__TASK STATEMENT__: Every entry below must be retyped exactly, and the pictures must be left out.

__SOURCE RECORDS__:
━━━━━━━━━━━━━━━━━━━━━━━━━━━━━━

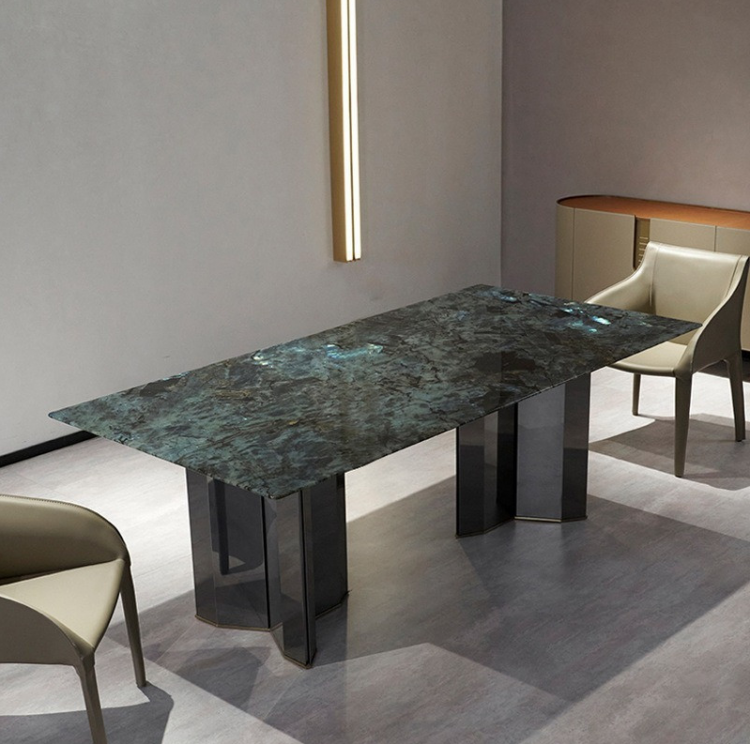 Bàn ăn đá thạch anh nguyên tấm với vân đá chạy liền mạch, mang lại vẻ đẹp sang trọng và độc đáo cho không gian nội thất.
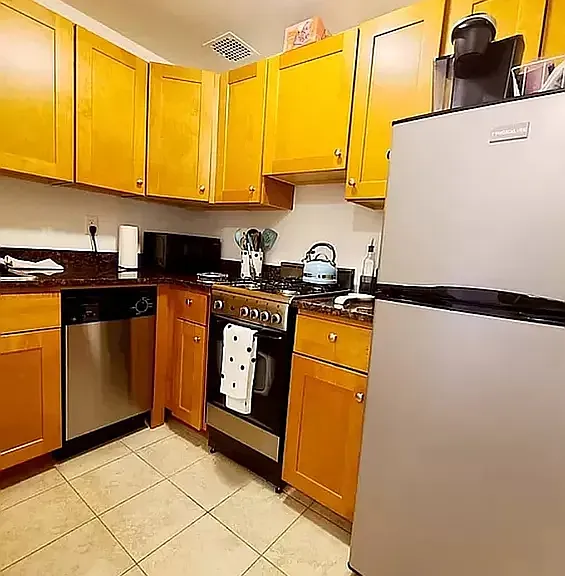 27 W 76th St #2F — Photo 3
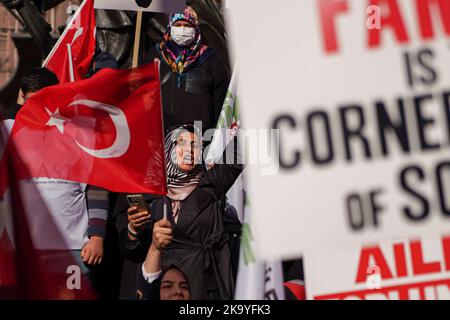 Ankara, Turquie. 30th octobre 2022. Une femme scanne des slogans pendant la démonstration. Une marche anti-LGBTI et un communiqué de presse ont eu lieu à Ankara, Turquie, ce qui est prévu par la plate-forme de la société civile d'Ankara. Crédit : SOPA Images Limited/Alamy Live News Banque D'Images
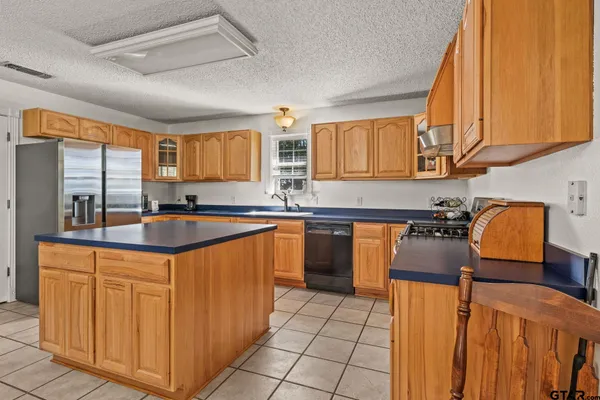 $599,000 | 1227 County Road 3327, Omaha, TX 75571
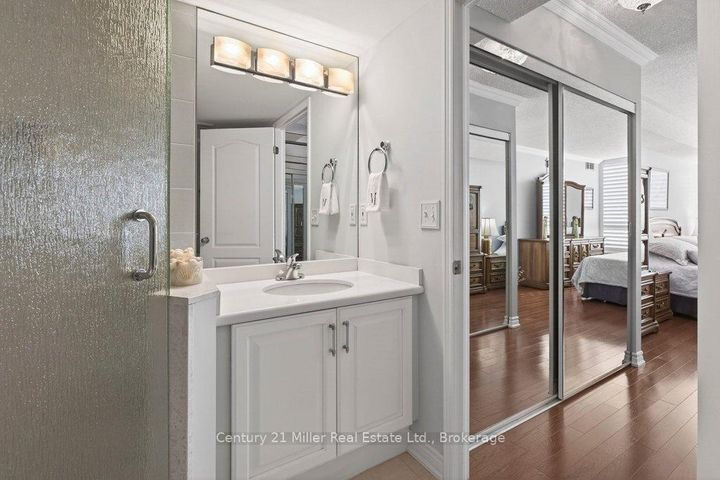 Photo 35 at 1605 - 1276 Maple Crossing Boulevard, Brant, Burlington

━━━━━━━━━━━━━━━━━━━━━━━━━━━━━━

__WORKED SOLUTION__:
 Bàn ăn đá thạch anh nguyên tấm với vân đá chạy liền mạch, mang lại vẻ đẹp sang trọng và độc đáo cho không gian nội thất.
 27 W 76th St #2F — Photo 3
 Ankara, Turquie. 30th octobre 2022. Une femme scanne des slogans pendant la démonstration. Une marche anti-LGBTI et un communiqué de presse ont eu lieu à Ankara, Turquie, ce qui est prévu par la plate-forme de la société civile d'Ankara. Crédit : SOPA Images Limited/Alamy Live News Banque D'Images
 $599,000 | 1227 County Road 3327, Omaha, TX 75571
 Photo 35 at 1605 - 1276 Maple Crossing Boulevard, Brant, Burlington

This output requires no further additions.